1.2.4. Single Version of Facts

While the goal of the “single version of truth” is to provide an integrated, cleansed version of the organizational information, that is, the aggregated and condensed data in a given context, “the single version of facts” goal is to provide all the data, all the time. In such case, the EDW should store and potentially provide all raw data that is critical for the mission of the organization (see next section). The lead author of this book was one of the first people in the data warehousing industry to promote this idea, especially due to compliance issues. Eventually, it led to the invention of Data Vault and is a key principle in Data Vault 2.0 modeling and is implemented in the Raw Data Vault.

The single version of facts is also important under auditing and compliance requirements, which is covered in section 1.2.10. We will learn later in this book that Data Vault based EDWs provide both versions: the single version of truth and the single version of facts.

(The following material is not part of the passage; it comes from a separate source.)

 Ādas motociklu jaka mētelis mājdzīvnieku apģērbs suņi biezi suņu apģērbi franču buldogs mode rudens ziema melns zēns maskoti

1.2.5. Mission Criticality

Due to the importance of the data warehouse as the basis for strategic business decisions, the central data warehouse has become a mission-critical corporate asset. Furthermore, data warehouses not only provide aggregated data for business decisions; they also feed enriched information back to operational systems to support the processing of transactions, to create personalized offers and to present upsell promotions [16, p9].

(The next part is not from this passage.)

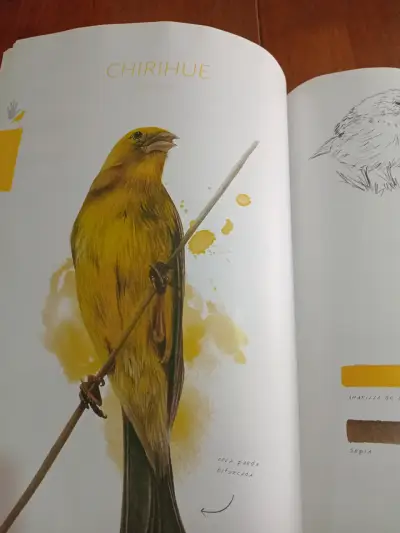 Libro Aves de Chile Colores al Vuelo - miniatura 5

Mission criticality also requires a specific level of quality of the data warehouse data [12, pxxv]. If source systems don’t provide the raw data in the required quality, it is the job of the data warehouse to fix any data quality issues and improve the data quality by means of data cleansing, data integration or any other useful methods.

1.2.6. Scalability

Scalability is the ability of the data warehouse architecture to adapt to higher data volumes and an increasing number of users’ requests that have to be met [17, p7]. The architecture should be built in a way that supports adding more data, not only more data volume, but also more complex data. If the data volume grows over the capabilities of the hardware, it should be possible to distribute the data warehouse across multiple machines and fully use the capabilities of the added hardware. This concept is called massively parallel processing (MPP). If the architecture is not scalable, adding more hardware has no or only minimal effect when reaching a certain level of build-out.

Another problem in data warehousing is that changing the data warehouse is often complex because of existing dependencies. While building the first version of the data warehouse was easily done, the second version takes more time. This is because the architecture of the data warehouse was not built with those changes in mind.

Section 1.4 discusses several data warehouse architectures. We will propose an alternate architecture in Chapter 2, Scalable Data Warehousing Architecture. The advantage of this architecture lies in its scalability regarding the absorption of changes to the data model, among other advantages.

1.2.7. Big Data

Big data is not only “a lot of data” or “more data that I can handle.” We define big data as data having three characteristics: volume, velocity and variety.

The first characteristic is volume. What someone calls “big data” often means that the data is much more than this person is used to handling. However, this statement is highly subjective. Big data for one person or one company might be one gigabyte of raw data but this is rather small data for a person who loads terabytes or even petabytes of data. Loading data in real-time has different requirements and therefore a different definition of big data than loading data in nightly batches or near real-time (near real-time means that the data from operational systems is available in the data mart within a time frame of typically 15 minutes). The definition of big data also depends on the hardware available to the data warehouse.

The second characteristic of big data is velocity. It is not only that there is a lot of static data available in the source systems. Loading this data can become a complex task. However, data stored in an operational system is changing frequently. The more data that is available in a source system, the more changes are applied to it. Therefore, the typical big data project has to deal with lots of updates, data changes or new data that is added to the source system.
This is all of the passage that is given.